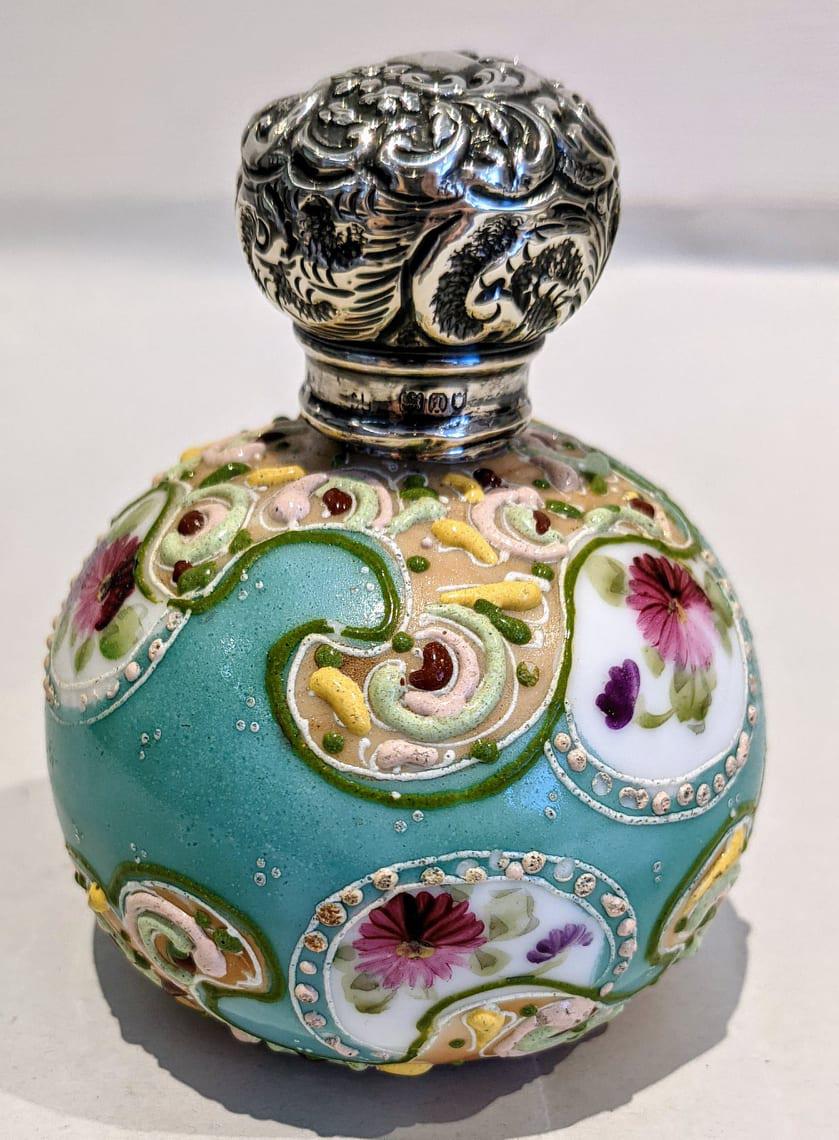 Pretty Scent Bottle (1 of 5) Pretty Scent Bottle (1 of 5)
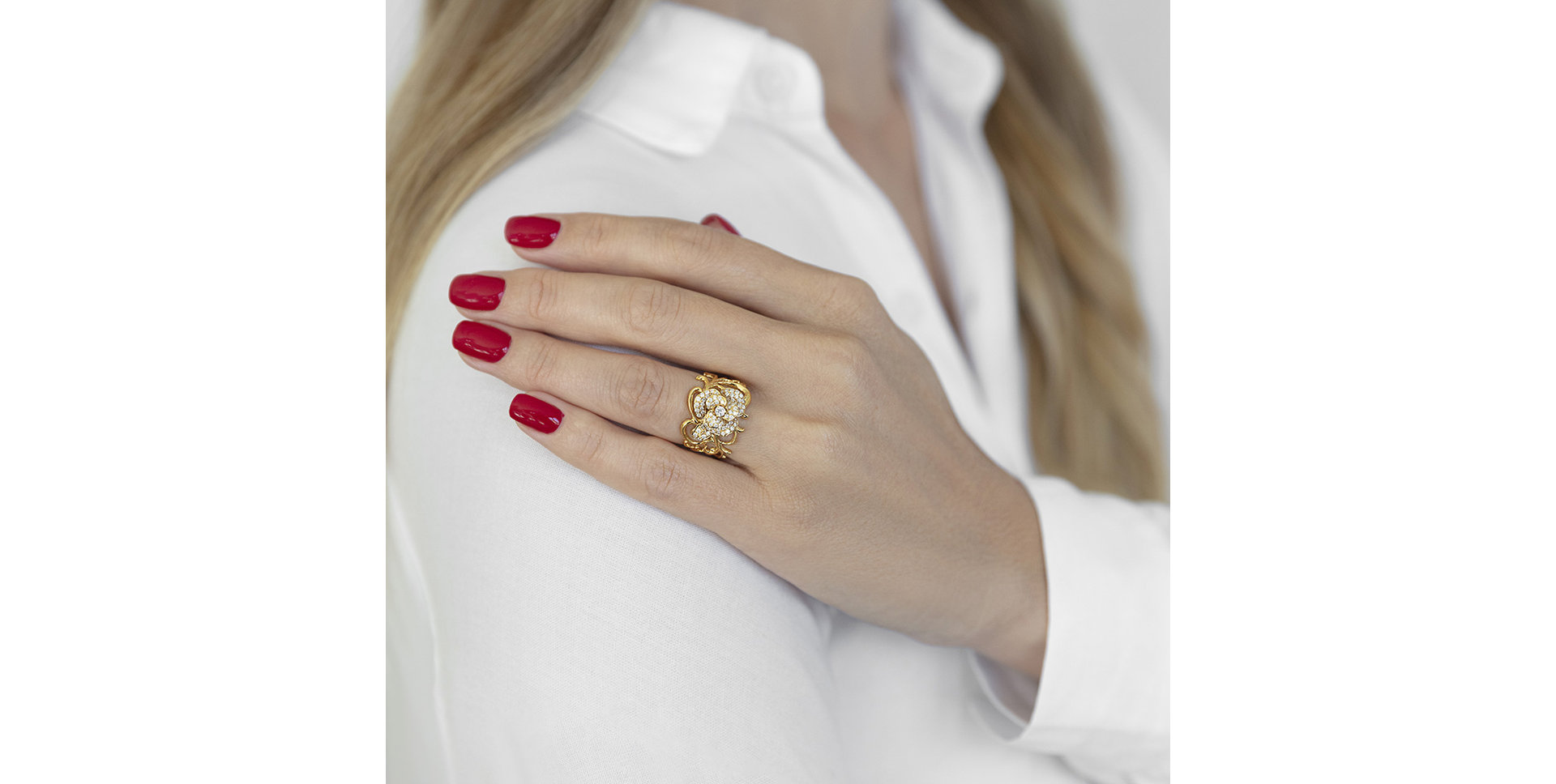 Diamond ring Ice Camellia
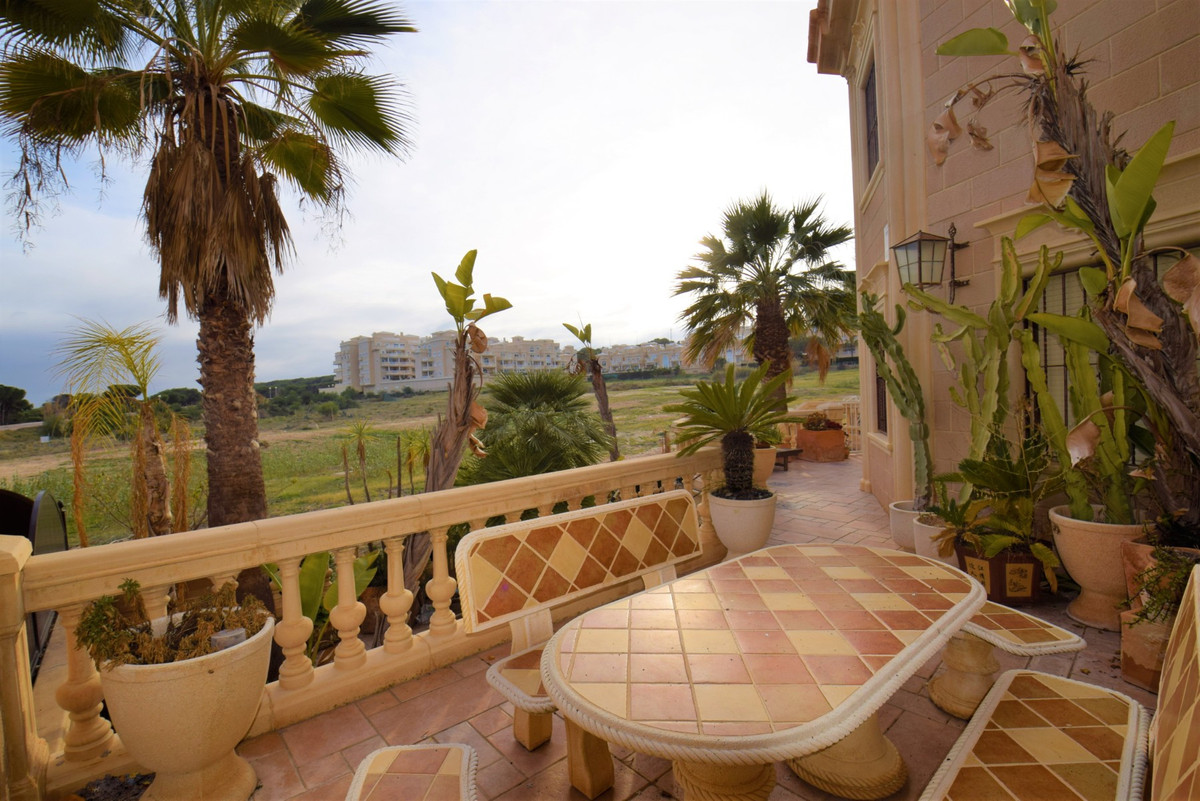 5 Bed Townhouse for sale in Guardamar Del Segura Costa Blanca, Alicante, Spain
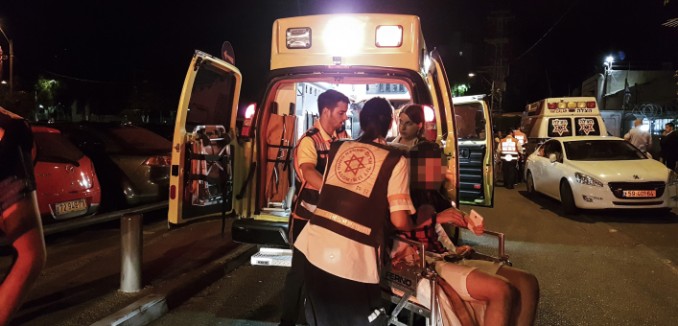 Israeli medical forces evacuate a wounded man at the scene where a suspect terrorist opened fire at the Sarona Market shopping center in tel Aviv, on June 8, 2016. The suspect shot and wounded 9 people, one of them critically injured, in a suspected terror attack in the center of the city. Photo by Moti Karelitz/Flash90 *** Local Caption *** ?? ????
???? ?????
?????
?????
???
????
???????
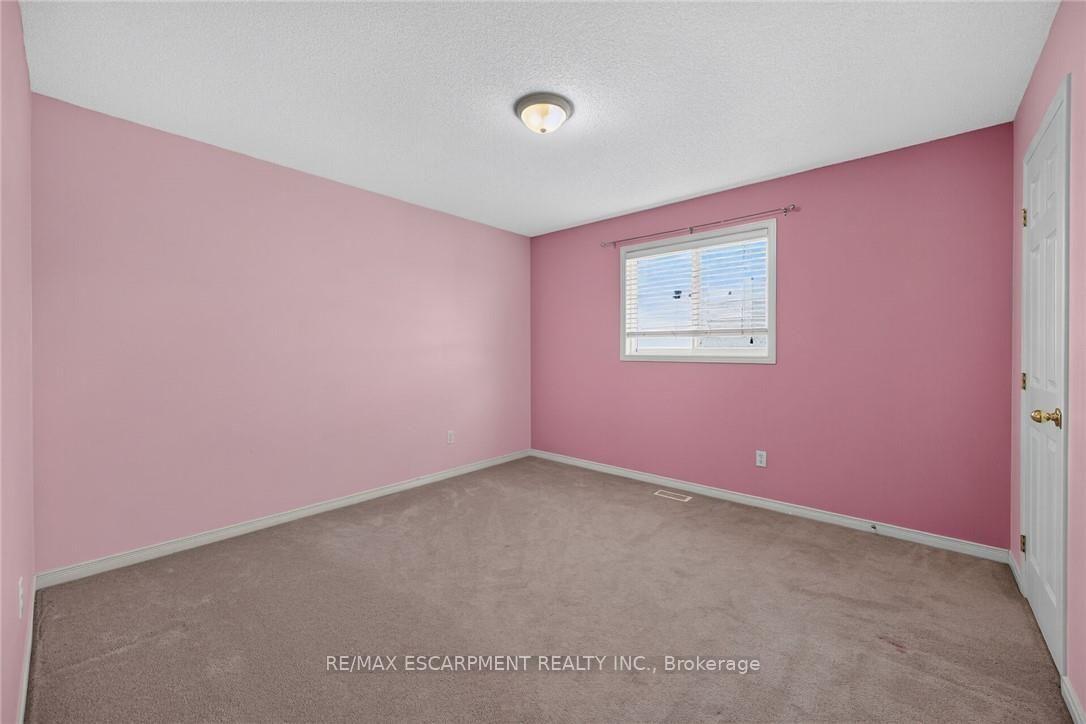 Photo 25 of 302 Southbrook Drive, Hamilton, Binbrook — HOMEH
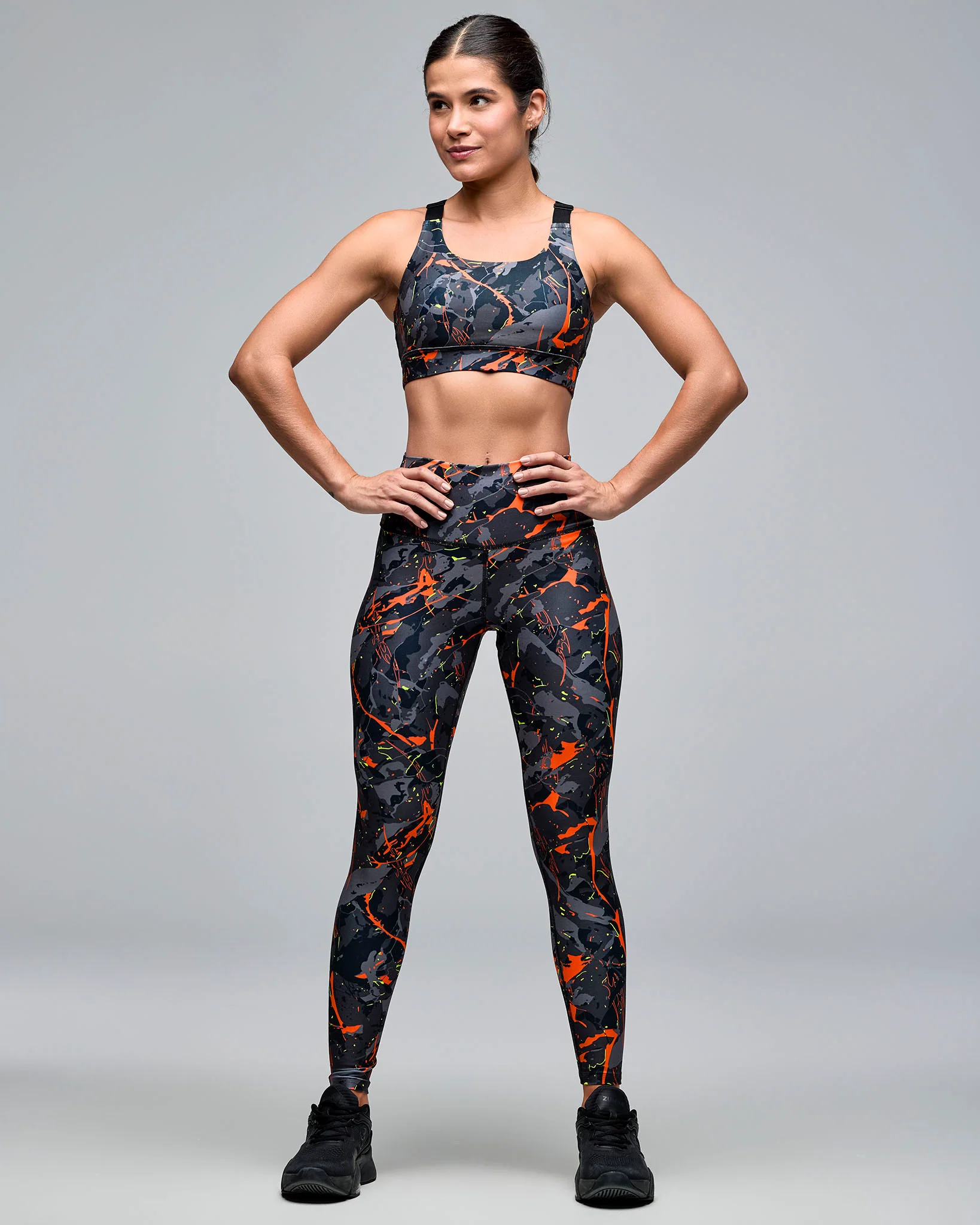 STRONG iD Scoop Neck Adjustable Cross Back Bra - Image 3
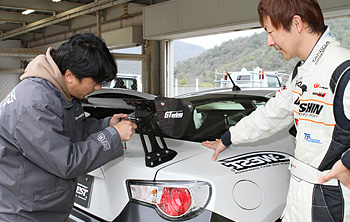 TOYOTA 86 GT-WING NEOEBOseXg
----------
Problem:
Could you restate the material word for word, skipping any pictures it holds?

Completed exercise:
 Pretty Scent Bottle (1 of 5) Pretty Scent Bottle (1 of 5)
 Diamond ring Ice Camellia
 5 Bed Townhouse for sale in Guardamar Del Segura Costa Blanca, Alicante, Spain
 Israeli medical forces evacuate a wounded man at the scene where a suspect terrorist opened fire at the Sarona Market shopping center in tel Aviv, on June 8, 2016. The suspect shot and wounded 9 people, one of them critically injured, in a suspected terror attack in the center of the city. Photo by Moti Karelitz/Flash90 *** Local Caption *** ?? ????
???? ?????
?????
?????
???
????
???????
 Photo 25 of 302 Southbrook Drive, Hamilton, Binbrook — HOMEH
 STRONG iD Scoop Neck Adjustable Cross Back Bra - Image 3
 TOYOTA 86 GT-WING NEOEBOseXg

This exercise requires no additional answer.